Tellefsen debuted as a pianist in Paris on 28 April 1851, at the Hôtel Lambert residence of the Czartoryski family. The concert also included the singer Julie Dorus-Gras (1805–1896), cellist Auguste Franchomme (1808–1884) and his son René (as a child prodigy), violinist Delphin Alard (1815–1888) and violist Casimir Ney. Tellefsen received rave reviews. A year later, he performed at the Salle Pleyel. One reviewer wrote: “Firstly, one needs to point to Mr Tellefsen's development as a performer – his playing has increased in precision and self-confidence. One can sense now that he is the master of himself and of his instrument”. During the performance, Tellefsen played two movements of his Piano Concerto No. 1 with the St Cecilia Orchestra conducted by François Seghers.
With time, Tellefsen's concert repertoire increasingly included his own compositions, as well as a good selection of Chopin’s music. The reviews praised his interpretation of Chopin’s works; the grace and melodiousness, as well as the performance of a specific rubato, were praised as being “of the highest class and totally in the spirit of Chopin”.

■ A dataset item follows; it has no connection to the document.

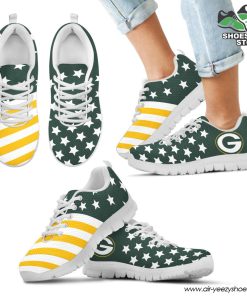 Green Bay Packers America Flag Full Stars Stripes Pattern Sneaker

In 1855, Tellefsen was at the peak of his performing career. On 28 March, he gave a concert at the Salle Pleyel which was reviewed in the Revue des deux mondes, a publication which noted only the key events of the season: “A pianist possessing talent is one thing, but possessing the audience is much more. Tellefsen achieved both”. There is information from the years 1851–1860 about a total of fifty-five concerts. Around the year 1860, his concert work gradually dwindled, and he focused instead on teaching and composing. This lull in his stage career was probably due also to his poor health.